■ TASK STATEMENT
The lines running from the one that contains "2000 BMW M Coupe" to the end of the records below are what to reproduce, exactly and without pictures.

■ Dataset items
----------------------------------------
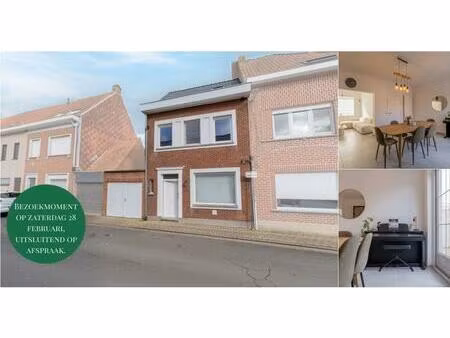 maison à vendre à fabriekstraat 27 wevelgem (vbd88412)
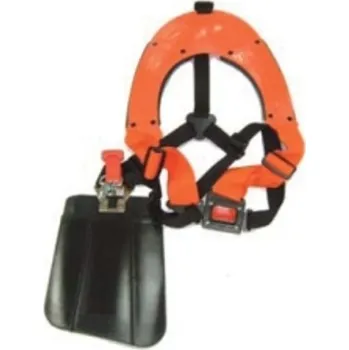 Popruhy křovinořezu dvouramenné /B19994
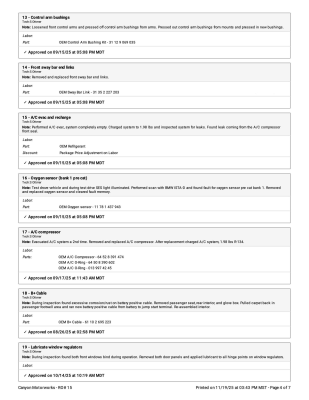 2000 BMW M Coupe in Evergreen over Evergreen & Black Nappa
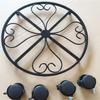 Plant Stand with Wheels Heavy Duty Plant Stand with Universal Wheels Round Pots Trolley for Indoor Outdoor Plant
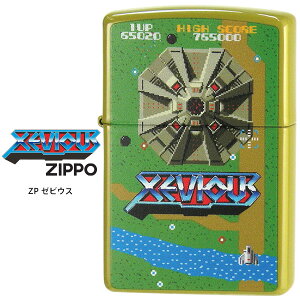 Zippo �W�b�|�[ ZIPPO ZP �[�r�E�X XEVIOUS �u���E���h�� �C���N�W�F�b�g �v�����g �i���R namco �Q�[�� �I�C�� ���C�^�[ �y�����񂹁z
----------------------------------------
■ RESPONSE TO THIS TASK
 2000 BMW M Coupe in Evergreen over Evergreen & Black Nappa
 Plant Stand with Wheels Heavy Duty Plant Stand with Universal Wheels Round Pots Trolley for Indoor Outdoor Plant
 Zippo �W�b�|�[ ZIPPO ZP �[�r�E�X XEVIOUS �u���E���h�� �C���N�W�F�b�g �v�����g �i���R namco �Q�[�� �I�C�� ���C�^�[ �y�����񂹁z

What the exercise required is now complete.